| DIRECTIONS FOR THIS TASK |
When you reach the line below that has "Striped Silk Mid-Waist", start returning lines exactly, and stop after the line that has "Image for Heinrich"; skip the pictures.
[GIVEN DATA]
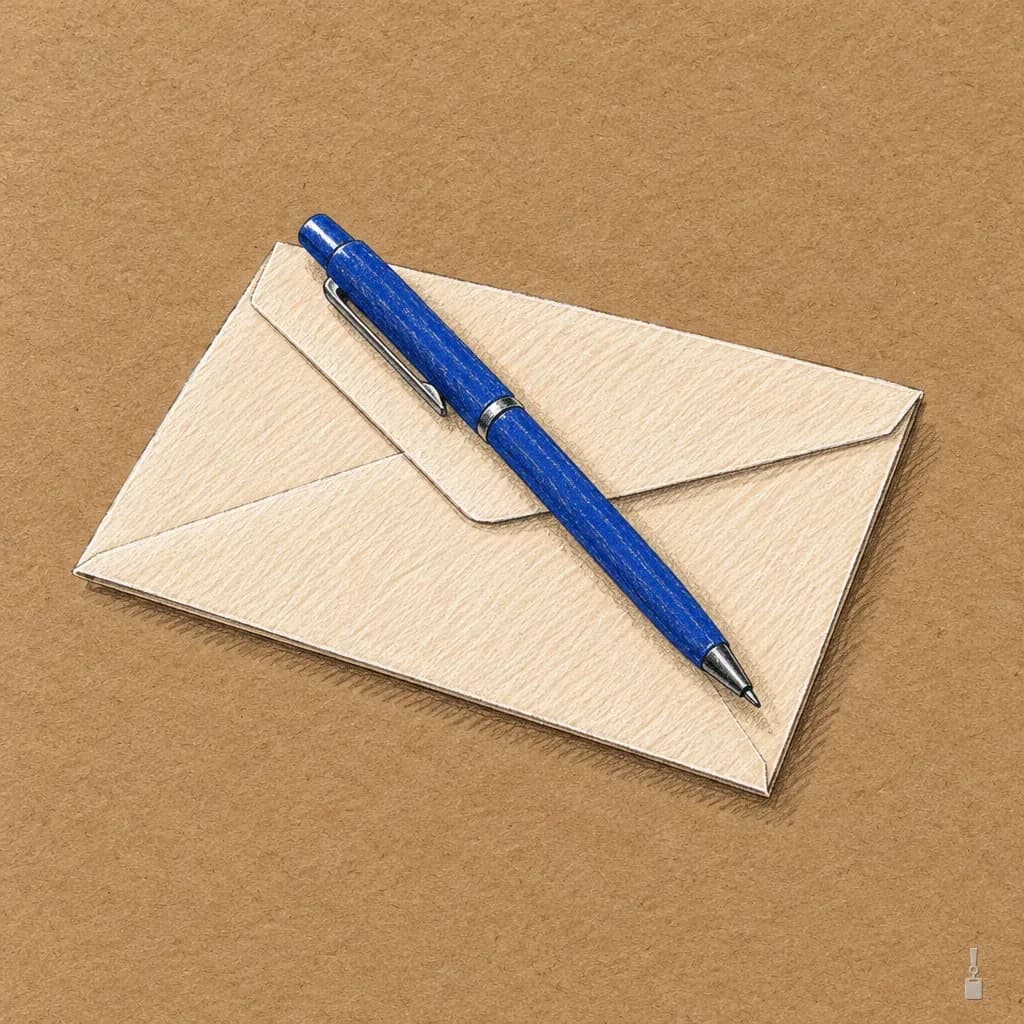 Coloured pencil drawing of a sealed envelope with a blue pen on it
[/GIVEN DATA]
[GIVEN DATA]
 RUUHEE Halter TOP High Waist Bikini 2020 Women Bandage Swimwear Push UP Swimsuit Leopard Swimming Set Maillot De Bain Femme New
[/GIVEN DATA]
[GIVEN DATA]
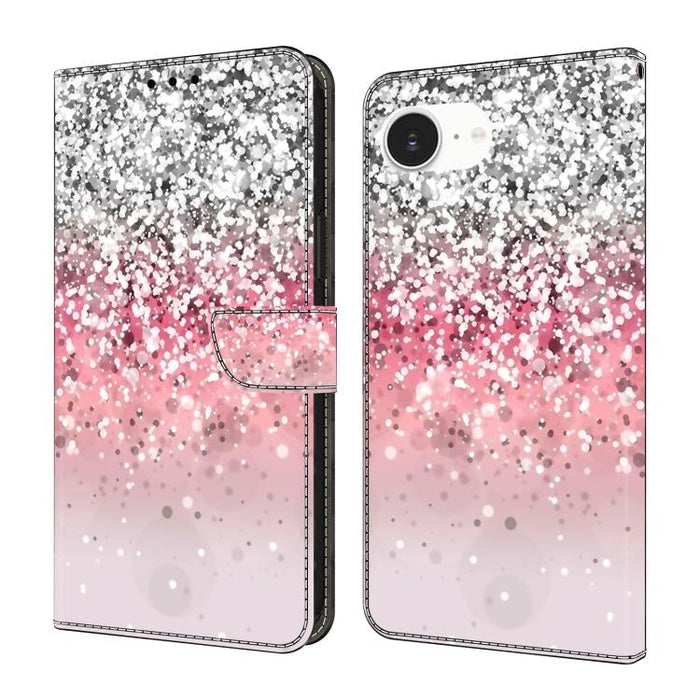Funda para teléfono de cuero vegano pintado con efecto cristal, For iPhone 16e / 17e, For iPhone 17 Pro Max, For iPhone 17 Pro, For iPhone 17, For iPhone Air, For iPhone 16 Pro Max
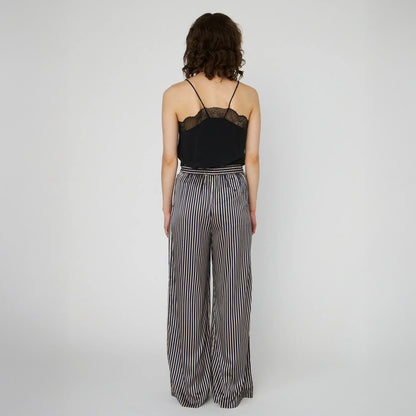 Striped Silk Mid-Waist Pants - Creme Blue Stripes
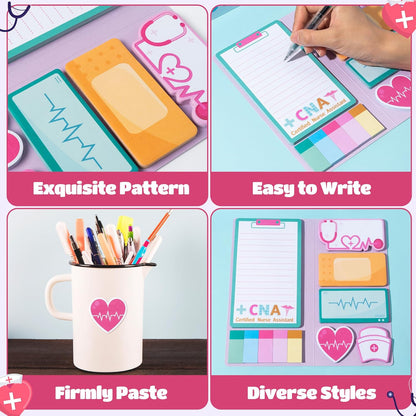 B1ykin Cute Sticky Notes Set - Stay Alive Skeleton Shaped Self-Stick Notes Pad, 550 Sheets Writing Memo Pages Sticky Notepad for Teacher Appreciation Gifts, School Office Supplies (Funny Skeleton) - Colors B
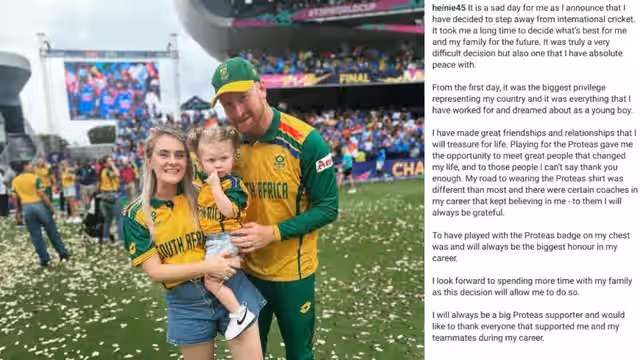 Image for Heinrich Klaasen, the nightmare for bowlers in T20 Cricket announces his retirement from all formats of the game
[/GIVEN DATA]
| RESPONSE FOR THIS EXERCISE |
 Striped Silk Mid-Waist Pants - Creme Blue Stripes
 B1ykin Cute Sticky Notes Set - Stay Alive Skeleton Shaped Self-Stick Notes Pad, 550 Sheets Writing Memo Pages Sticky Notepad for Teacher Appreciation Gifts, School Office Supplies (Funny Skeleton) - Colors B
 Image for Heinrich Klaasen, the nightmare for bowlers in T20 Cricket announces his retirement from all formats of the game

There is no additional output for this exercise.